→ Work to complete
In full and without alteration, print the entries that follow.

[Saved entries]
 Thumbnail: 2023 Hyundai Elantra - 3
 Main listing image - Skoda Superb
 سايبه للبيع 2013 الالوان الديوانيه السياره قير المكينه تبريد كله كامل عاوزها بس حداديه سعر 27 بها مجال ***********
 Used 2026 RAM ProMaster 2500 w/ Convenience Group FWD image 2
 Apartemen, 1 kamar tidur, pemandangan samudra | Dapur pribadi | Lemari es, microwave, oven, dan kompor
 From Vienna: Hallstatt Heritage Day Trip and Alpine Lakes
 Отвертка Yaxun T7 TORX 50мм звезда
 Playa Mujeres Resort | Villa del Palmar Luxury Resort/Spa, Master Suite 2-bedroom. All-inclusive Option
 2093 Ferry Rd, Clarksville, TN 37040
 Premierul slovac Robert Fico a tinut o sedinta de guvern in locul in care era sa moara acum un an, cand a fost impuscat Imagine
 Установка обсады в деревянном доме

→ Answer box
 Thumbnail: 2023 Hyundai Elantra - 3
 Main listing image - Skoda Superb
 سايبه للبيع 2013 الالوان الديوانيه السياره قير المكينه تبريد كله كامل عاوزها بس حداديه سعر 27 بها مجال ***********
 Used 2026 RAM ProMaster 2500 w/ Convenience Group FWD image 2
 Apartemen, 1 kamar tidur, pemandangan samudra | Dapur pribadi | Lemari es, microwave, oven, dan kompor
 From Vienna: Hallstatt Heritage Day Trip and Alpine Lakes
 Отвертка Yaxun T7 TORX 50мм звезда
 Playa Mujeres Resort | Villa del Palmar Luxury Resort/Spa, Master Suite 2-bedroom. All-inclusive Option
 2093 Ferry Rd, Clarksville, TN 37040
 Premierul slovac Robert Fico a tinut o sedinta de guvern in locul in care era sa moara acum un an, cand a fost impuscat Imagine
 Установка обсады в деревянном доме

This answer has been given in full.